(Short text fragments from websites)
===============
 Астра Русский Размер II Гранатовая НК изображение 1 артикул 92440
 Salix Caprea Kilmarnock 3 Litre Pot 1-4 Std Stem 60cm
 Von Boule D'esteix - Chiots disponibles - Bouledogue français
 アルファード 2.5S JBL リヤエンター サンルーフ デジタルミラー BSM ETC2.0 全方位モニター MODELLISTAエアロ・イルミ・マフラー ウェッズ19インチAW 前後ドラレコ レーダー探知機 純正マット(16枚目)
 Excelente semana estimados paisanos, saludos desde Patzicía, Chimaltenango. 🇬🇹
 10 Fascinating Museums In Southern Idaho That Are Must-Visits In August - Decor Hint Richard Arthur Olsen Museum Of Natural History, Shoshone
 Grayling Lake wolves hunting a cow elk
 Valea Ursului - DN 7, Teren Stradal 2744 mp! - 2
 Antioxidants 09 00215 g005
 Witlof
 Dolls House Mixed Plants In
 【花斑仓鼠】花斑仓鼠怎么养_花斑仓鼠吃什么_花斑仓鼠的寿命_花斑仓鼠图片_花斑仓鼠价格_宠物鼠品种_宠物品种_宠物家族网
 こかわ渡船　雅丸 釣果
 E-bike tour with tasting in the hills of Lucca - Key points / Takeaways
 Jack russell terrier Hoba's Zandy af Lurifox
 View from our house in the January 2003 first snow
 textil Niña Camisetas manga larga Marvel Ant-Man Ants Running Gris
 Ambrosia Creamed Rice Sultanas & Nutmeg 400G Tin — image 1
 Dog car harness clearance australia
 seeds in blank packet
===============
Each line from the one holding "Grayling Lake wolves hunting a cow elk" to the end of the entries is to be written out exactly. Skip every line before it.

REPLY —
 Grayling Lake wolves hunting a cow elk
 Valea Ursului - DN 7, Teren Stradal 2744 mp! - 2
 Antioxidants 09 00215 g005
 Witlof
 Dolls House Mixed Plants In
 【花斑仓鼠】花斑仓鼠怎么养_花斑仓鼠吃什么_花斑仓鼠的寿命_花斑仓鼠图片_花斑仓鼠价格_宠物鼠品种_宠物品种_宠物家族网
 こかわ渡船　雅丸 釣果
 E-bike tour with tasting in the hills of Lucca - Key points / Takeaways
 Jack russell terrier Hoba's Zandy af Lurifox
 View from our house in the January 2003 first snow
 textil Niña Camisetas manga larga Marvel Ant-Man Ants Running Gris
 Ambrosia Creamed Rice Sultanas & Nutmeg 400G Tin — image 1
 Dog car harness clearance australia
 seeds in blank packet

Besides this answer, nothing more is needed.